Ketua Dewan Pers Komaruddin Hidayat menegaskan, mengajukan pertanyaan, meminta penjelasan, dan melakukan konfirmasi merupakan inti dari kerja jurnalistik yang dilindungi undang-undang. Karena itu, ketidaksukaan terhadap pertanyaan wartawan tidak dapat dijadikan alasan untuk melontarkan ucapan yang merendahkan profesi pers.
"Dewan Pers menyesalkan adanya pernyataan yang bernada merendahkan profesi wartawan saat menjalankan tugas jurnalistik. Menyampaikan pertanyaan, meminta penjelasan, dan melakukan konfirmasi merupakan bagian dari kerja jurnalistik yang dilindungi Undang-Undang Nomor 40 Tahun 1999 tentang Pers," demikian bunyi pernyataan resmi Dewan Pers.
Dewan Pers mengingatkan bahwa penghormatan terhadap wartawan bukan semata menjaga etika komunikasi, melainkan bentuk penghormatan terhadap hukum dan hak publik memperoleh informasi yang benar, akurat, dan berimbang. Upaya melecehkan profesi wartawan dinilai dapat mencederai semangat kebebasan pers yang menjadi salah satu pilar demokrasi.

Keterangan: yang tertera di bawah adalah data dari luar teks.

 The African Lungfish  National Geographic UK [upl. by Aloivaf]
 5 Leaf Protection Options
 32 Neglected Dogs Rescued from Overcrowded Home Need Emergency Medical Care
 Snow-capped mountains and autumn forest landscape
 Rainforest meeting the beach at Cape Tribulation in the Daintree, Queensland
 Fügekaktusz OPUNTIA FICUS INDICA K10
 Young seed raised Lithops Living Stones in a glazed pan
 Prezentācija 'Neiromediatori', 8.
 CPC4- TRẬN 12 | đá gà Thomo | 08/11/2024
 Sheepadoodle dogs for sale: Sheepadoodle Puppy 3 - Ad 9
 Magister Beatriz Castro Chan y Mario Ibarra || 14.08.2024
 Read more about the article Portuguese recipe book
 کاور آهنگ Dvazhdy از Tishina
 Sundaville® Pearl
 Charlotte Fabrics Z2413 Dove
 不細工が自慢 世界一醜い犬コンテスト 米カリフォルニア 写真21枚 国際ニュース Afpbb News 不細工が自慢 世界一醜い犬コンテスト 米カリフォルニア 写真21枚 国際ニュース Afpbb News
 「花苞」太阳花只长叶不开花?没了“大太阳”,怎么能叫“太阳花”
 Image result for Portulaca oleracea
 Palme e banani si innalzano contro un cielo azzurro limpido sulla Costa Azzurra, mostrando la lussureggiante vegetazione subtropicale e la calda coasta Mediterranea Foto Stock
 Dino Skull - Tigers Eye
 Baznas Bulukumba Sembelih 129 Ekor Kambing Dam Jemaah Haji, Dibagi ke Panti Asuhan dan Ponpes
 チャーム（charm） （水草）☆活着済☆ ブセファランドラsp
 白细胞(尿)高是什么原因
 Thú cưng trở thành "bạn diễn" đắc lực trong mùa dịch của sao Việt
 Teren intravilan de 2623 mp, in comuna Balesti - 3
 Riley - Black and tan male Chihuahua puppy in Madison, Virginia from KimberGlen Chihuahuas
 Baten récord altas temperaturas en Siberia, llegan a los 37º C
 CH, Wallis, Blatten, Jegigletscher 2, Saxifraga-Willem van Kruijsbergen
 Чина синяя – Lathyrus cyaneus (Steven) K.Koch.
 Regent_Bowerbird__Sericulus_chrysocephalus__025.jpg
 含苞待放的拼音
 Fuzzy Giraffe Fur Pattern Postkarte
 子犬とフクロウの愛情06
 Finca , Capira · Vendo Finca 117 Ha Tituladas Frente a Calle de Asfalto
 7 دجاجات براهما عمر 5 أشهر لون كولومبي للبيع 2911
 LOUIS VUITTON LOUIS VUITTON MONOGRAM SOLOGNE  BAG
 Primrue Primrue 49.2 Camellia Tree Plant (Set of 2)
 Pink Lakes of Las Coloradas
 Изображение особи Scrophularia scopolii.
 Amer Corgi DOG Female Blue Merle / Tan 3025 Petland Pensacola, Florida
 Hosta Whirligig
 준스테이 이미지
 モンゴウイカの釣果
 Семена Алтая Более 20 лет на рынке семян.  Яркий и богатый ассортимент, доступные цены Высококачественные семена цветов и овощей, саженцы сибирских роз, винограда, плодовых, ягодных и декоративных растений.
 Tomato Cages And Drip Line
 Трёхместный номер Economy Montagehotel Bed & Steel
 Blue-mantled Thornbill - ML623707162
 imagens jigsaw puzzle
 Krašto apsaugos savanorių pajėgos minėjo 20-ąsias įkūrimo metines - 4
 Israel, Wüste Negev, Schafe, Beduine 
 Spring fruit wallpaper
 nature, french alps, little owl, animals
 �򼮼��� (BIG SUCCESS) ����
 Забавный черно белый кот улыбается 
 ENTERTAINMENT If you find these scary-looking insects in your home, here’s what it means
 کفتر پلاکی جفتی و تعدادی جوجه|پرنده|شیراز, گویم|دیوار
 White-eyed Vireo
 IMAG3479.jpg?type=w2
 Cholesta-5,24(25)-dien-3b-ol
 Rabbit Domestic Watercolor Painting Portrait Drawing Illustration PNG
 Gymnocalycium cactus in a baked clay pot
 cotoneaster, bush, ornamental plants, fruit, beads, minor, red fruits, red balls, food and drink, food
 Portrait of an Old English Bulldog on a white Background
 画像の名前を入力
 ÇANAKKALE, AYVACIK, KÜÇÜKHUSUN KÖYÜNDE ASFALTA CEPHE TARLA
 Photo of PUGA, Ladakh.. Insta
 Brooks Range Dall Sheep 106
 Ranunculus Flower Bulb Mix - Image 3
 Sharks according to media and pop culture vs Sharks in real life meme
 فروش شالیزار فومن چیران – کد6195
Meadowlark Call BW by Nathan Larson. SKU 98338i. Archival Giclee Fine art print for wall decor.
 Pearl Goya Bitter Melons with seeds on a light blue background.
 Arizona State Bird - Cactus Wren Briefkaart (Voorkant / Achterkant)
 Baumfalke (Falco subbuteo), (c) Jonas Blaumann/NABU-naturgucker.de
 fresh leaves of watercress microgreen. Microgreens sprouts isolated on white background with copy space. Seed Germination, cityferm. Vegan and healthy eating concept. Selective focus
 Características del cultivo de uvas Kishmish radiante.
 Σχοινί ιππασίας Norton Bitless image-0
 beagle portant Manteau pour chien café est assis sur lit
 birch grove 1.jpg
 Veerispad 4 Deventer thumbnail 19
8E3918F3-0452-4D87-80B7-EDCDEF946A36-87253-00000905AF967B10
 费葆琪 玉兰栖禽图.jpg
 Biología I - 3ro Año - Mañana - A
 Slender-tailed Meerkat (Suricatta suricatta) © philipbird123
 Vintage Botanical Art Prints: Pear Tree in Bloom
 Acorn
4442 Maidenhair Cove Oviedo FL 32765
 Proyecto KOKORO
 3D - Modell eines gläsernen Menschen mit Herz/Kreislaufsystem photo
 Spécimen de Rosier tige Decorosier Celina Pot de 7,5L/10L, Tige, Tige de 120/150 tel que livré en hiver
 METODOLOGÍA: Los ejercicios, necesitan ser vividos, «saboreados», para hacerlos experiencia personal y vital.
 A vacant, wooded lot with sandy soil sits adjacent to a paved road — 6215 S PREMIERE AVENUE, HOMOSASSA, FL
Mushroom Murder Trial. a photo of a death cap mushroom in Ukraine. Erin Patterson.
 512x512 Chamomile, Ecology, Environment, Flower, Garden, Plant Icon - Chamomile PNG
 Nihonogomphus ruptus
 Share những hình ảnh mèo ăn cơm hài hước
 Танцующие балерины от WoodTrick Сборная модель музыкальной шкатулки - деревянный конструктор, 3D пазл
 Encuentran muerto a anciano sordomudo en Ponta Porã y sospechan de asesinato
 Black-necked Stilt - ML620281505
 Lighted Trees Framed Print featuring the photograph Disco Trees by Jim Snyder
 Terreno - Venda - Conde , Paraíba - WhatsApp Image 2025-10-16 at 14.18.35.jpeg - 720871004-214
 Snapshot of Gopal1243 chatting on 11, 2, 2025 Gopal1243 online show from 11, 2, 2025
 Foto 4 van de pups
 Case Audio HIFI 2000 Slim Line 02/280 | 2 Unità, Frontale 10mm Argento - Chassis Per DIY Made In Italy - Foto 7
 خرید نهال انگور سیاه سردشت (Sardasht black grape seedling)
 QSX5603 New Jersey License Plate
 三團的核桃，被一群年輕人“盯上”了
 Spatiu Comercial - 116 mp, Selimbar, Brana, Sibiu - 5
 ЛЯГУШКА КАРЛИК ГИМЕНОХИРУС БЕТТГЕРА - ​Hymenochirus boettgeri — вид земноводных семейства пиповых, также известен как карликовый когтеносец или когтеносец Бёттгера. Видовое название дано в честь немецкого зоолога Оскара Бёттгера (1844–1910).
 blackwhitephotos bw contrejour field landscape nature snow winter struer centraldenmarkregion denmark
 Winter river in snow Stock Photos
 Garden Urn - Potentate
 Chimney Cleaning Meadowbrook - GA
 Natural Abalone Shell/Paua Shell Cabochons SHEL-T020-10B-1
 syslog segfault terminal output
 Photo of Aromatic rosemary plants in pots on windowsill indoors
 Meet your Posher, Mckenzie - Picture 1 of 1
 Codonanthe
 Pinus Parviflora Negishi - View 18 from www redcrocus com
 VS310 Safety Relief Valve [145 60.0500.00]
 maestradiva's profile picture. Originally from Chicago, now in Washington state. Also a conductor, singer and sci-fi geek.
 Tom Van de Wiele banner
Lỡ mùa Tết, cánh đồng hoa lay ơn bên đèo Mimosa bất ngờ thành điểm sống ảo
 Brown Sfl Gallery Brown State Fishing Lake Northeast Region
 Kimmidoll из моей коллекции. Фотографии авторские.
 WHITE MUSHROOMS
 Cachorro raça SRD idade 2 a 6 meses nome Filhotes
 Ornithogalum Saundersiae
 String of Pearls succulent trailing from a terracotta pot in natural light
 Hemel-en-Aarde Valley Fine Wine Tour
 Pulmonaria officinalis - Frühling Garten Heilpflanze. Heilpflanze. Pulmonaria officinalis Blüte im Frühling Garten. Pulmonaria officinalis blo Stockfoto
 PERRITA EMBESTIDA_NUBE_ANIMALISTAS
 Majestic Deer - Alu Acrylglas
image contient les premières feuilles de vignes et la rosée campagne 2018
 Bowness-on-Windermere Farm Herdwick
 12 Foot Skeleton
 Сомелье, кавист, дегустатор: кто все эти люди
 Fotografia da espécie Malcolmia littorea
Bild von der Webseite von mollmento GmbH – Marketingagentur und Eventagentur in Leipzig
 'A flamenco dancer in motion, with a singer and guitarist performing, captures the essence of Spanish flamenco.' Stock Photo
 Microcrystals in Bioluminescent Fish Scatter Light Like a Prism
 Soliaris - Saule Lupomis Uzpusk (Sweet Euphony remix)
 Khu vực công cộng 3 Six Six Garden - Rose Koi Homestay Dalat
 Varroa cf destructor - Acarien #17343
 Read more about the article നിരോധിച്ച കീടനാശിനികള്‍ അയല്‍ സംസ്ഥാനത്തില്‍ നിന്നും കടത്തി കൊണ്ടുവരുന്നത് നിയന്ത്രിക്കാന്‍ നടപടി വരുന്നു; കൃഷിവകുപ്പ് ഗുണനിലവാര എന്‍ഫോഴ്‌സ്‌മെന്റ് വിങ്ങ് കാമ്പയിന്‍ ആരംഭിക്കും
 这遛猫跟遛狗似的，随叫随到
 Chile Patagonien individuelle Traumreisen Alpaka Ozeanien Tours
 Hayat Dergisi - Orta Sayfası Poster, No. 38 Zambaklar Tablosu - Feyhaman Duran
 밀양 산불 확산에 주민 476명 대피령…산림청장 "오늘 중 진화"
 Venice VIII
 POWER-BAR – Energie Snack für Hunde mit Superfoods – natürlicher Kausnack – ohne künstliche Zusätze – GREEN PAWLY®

Lembaga itu juga menyerukan kepada pejabat publik, aparat penegak hukum, advokat, tokoh masyarakat, hingga masyarakat luas agar menghormati profesi wartawan dan mendukung terciptanya iklim pers yang bebas, independen, profesional, serta bertanggung jawab.
Polemik tersebut turut memantik respons dari berbagai organisasi pers nasional. Forum Pemred, Persatuan Wartawan Indonesia (PWI) Pusat, dan Serikat Wartawan Senior Indonesia (SWSI) menyatakan keprihatinan serta menegaskan bahwa narasumber berhak menjawab maupun menolak menjawab pertanyaan, tetapi tidak dibenarkan merendahkan martabat wartawan atau melakukan intimidasi verbal terhadap kerja jurnalistik.
Dewan Pers menegaskan, menjaga kehormatan profesi wartawan berarti menjaga kualitas demokrasi. Sebab, tanpa kebebasan pers yang dihormati, hak masyarakat untuk memperoleh informasi yang benar dan dapat dipertanggungjawabkan akan ikut terancam.